*Problem requirements*. Some entries follow. Reproduce exactly the lines starting at the one with "Bình - Misshoa" and stopping after the one with "Avis Bestway Thermomètre".

-- Records to use follows --

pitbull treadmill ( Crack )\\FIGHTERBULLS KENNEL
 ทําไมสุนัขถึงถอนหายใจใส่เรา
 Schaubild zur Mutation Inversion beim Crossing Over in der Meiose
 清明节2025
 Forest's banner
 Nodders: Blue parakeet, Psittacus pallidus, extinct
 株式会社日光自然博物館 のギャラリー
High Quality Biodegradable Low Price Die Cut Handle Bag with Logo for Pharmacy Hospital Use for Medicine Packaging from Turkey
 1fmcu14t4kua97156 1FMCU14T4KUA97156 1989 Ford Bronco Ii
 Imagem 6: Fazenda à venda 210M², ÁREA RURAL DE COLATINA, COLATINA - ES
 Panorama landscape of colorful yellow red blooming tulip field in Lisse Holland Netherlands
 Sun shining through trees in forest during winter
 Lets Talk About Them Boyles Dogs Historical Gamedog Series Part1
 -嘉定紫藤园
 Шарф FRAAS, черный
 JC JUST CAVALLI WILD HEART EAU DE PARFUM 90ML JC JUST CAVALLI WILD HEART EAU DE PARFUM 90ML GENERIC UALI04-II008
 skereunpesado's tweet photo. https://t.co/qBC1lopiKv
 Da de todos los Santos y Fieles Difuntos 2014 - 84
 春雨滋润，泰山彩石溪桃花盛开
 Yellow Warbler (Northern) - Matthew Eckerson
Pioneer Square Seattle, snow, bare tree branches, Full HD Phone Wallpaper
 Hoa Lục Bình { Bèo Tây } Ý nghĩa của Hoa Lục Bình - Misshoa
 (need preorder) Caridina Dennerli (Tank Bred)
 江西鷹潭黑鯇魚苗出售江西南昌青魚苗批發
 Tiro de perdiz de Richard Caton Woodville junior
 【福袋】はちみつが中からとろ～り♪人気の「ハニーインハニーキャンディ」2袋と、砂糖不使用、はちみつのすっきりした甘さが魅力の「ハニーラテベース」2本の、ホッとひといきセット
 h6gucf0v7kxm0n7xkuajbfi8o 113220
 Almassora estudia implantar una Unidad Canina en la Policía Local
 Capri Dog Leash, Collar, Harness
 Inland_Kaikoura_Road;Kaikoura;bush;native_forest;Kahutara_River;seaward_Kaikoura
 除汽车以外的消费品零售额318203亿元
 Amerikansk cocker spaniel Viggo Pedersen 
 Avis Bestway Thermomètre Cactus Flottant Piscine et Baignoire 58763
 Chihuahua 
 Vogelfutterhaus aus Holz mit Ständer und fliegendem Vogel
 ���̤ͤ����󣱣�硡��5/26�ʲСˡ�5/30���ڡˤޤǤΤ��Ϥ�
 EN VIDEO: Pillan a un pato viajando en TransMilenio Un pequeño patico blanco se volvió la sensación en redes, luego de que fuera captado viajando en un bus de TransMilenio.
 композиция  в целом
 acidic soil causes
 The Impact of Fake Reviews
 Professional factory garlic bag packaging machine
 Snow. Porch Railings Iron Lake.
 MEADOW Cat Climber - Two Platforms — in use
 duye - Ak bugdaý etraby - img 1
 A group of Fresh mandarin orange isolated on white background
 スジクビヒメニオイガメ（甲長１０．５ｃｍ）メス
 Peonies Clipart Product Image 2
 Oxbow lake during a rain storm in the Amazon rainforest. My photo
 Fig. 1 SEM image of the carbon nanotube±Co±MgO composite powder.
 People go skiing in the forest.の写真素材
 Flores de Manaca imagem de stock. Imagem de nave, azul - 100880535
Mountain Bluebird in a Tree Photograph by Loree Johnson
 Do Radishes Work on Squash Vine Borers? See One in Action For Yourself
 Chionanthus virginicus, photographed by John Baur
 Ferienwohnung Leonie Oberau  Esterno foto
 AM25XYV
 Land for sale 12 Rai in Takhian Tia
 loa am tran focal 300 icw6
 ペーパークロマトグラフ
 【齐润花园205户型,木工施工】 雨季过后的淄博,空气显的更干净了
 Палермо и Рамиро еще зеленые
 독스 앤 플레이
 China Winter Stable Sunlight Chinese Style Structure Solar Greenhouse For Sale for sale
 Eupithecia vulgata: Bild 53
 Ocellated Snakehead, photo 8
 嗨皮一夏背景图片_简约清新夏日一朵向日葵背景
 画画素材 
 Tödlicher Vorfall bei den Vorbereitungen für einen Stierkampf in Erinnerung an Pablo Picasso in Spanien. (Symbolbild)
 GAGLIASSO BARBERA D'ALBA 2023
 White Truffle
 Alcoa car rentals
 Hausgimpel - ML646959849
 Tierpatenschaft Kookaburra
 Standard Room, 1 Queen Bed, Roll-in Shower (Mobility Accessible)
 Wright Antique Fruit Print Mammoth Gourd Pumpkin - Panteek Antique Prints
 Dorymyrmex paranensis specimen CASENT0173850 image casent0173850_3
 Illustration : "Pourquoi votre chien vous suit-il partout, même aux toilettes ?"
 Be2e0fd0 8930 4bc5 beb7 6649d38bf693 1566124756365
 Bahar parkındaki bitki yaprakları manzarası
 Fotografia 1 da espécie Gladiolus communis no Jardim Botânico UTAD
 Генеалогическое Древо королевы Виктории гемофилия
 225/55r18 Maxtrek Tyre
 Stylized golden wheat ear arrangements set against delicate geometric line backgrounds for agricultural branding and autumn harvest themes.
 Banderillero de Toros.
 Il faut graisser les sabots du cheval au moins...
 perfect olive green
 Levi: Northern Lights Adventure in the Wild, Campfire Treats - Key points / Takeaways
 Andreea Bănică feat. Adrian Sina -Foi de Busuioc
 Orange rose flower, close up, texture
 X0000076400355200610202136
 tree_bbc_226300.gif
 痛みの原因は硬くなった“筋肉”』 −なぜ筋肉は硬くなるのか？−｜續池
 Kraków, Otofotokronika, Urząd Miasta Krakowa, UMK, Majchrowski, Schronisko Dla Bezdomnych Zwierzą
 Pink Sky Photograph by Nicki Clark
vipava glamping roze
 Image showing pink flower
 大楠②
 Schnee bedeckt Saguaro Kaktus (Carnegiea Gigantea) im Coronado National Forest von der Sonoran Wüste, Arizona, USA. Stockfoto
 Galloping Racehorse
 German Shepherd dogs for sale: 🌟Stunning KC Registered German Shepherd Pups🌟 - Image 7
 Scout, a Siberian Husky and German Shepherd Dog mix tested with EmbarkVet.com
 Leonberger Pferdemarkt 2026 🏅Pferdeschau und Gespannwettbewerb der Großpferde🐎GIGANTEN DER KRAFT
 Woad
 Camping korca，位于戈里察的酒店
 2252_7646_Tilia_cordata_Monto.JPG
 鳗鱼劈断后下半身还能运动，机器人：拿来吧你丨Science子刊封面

-- Records to use concluded --

*Answer space*.
 Hoa Lục Bình { Bèo Tây } Ý nghĩa của Hoa Lục Bình - Misshoa
 (need preorder) Caridina Dennerli (Tank Bred)
 江西鷹潭黑鯇魚苗出售江西南昌青魚苗批發
 Tiro de perdiz de Richard Caton Woodville junior
 【福袋】はちみつが中からとろ～り♪人気の「ハニーインハニーキャンディ」2袋と、砂糖不使用、はちみつのすっきりした甘さが魅力の「ハニーラテベース」2本の、ホッとひといきセット
 h6gucf0v7kxm0n7xkuajbfi8o 113220
 Almassora estudia implantar una Unidad Canina en la Policía Local
 Capri Dog Leash, Collar, Harness
 Inland_Kaikoura_Road;Kaikoura;bush;native_forest;Kahutara_River;seaward_Kaikoura
 除汽车以外的消费品零售额318203亿元
 Amerikansk cocker spaniel Viggo Pedersen 
 Avis Bestway Thermomètre Cactus Flottant Piscine et Baignoire 58763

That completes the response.